Requirement: Using the data beneath this instruction, retype only the lines from the one that contains "Vintage rattan chair" down to the one that contains "Christmas Tour '86", both included, exactly as they appear.

Provided records below:

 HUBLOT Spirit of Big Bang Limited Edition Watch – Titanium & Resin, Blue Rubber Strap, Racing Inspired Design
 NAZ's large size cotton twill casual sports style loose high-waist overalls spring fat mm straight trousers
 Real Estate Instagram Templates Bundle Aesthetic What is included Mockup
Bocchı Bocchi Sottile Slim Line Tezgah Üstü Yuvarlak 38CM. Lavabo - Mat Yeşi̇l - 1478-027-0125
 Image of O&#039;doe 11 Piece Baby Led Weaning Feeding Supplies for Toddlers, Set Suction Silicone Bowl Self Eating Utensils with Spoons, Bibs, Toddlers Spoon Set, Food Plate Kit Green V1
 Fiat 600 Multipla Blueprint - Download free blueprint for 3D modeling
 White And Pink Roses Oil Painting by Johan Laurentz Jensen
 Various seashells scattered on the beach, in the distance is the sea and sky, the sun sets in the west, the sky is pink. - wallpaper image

End of Provided records.
Provided records below:

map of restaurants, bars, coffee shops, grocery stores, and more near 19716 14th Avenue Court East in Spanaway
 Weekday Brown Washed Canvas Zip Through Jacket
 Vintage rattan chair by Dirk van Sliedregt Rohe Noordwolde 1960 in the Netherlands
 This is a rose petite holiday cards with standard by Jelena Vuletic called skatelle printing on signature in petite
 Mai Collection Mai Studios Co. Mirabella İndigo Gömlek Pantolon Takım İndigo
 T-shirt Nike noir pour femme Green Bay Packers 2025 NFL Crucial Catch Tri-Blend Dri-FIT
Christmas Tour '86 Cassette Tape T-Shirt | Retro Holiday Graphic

End of Provided records.

Finished exercise:
 Vintage rattan chair by Dirk van Sliedregt Rohe Noordwolde 1960 in the Netherlands
 This is a rose petite holiday cards with standard by Jelena Vuletic called skatelle printing on signature in petite
 Mai Collection Mai Studios Co. Mirabella İndigo Gömlek Pantolon Takım İndigo
 T-shirt Nike noir pour femme Green Bay Packers 2025 NFL Crucial Catch Tri-Blend Dri-FIT
Christmas Tour '86 Cassette Tape T-Shirt | Retro Holiday Graphic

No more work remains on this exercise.